Mom is a great fan of coupons and point systems, so she signed up for the Chili’s club to obtain a free birthday dessert. Therefore, instead of getting sensible food like sensible adults, we got ice cream, chocolate cake, and chips.
Listen. It was free.
Also, there were geese. So many geese. Baby geese. Adult geese. Every kind of geese. They didn’t like me very much, but that didn’t stop me from chasing them all over the parking lot like a toddler.
After 45 minutes of cake-consumption and geese-chasing, we got a call from Lenny saying our car was ready. We returned to Walmart, admired the new tire, advised Lenny to sign up for the Chili’s club, and waited patiently as he made sure we knew how to get back to the turnpike and lectured us on the dangers of relying too heavily on a GPS. We thanked Lenny. Lenny wished us godspeed. With the calamity finally behind us, we set off for the last leg of our journey and — thankfully — encountered no more disasters.
But I now have an adopted grandfather in Ohio and he works at Walmart.
So, what is the moral of the story? Does this long-winded ramble about air pumps and geese have a point?

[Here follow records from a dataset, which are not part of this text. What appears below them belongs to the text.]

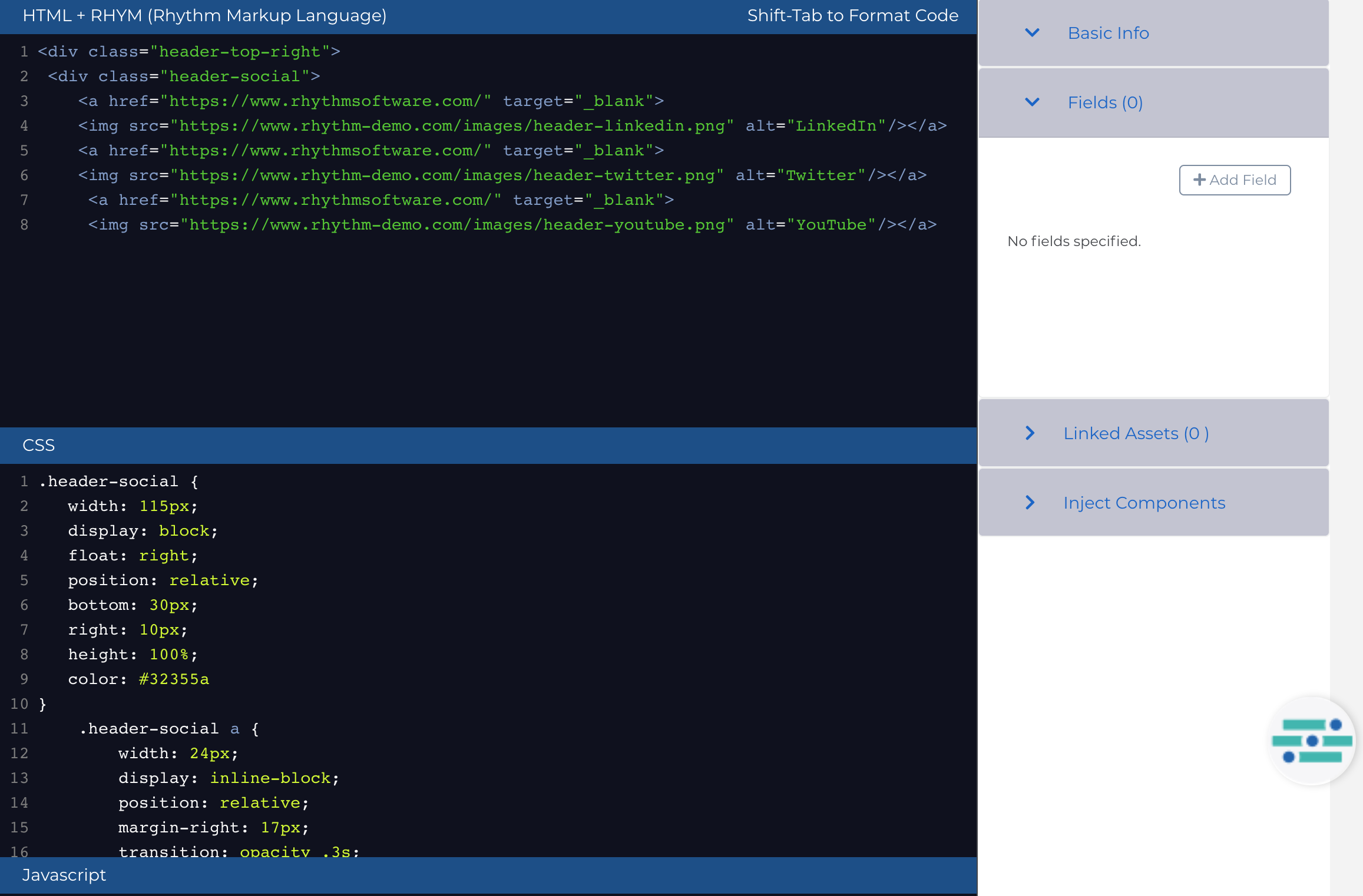 Member portal HTML + CSS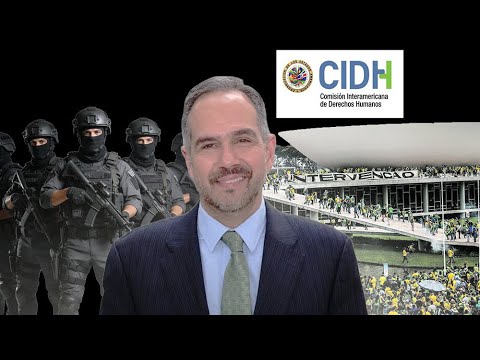 Comissão de Direitos Humanos da OEA no Brasil 🌎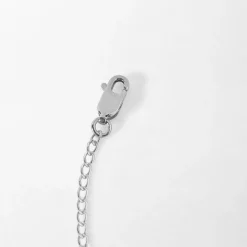 Edge of Ember Birthstones And Zodiac | Style | Garnet January Birthstone Necklace - Silver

The point, my friend, is that disasters happen. Tires betray us. The Road of Life is long, pot-holed, and filled with elderly mechanics named Lenny. I think it’s easy to get fussy when things like this happen, to stress and worry and check the clock every thirty seconds because now we’re going to be late. But bad circumstances make good stories, and sometimes, you get ice cream out of car troubles. Take life as it comes. Find adventure in the disasters. In the end, it’s not as bad as you think.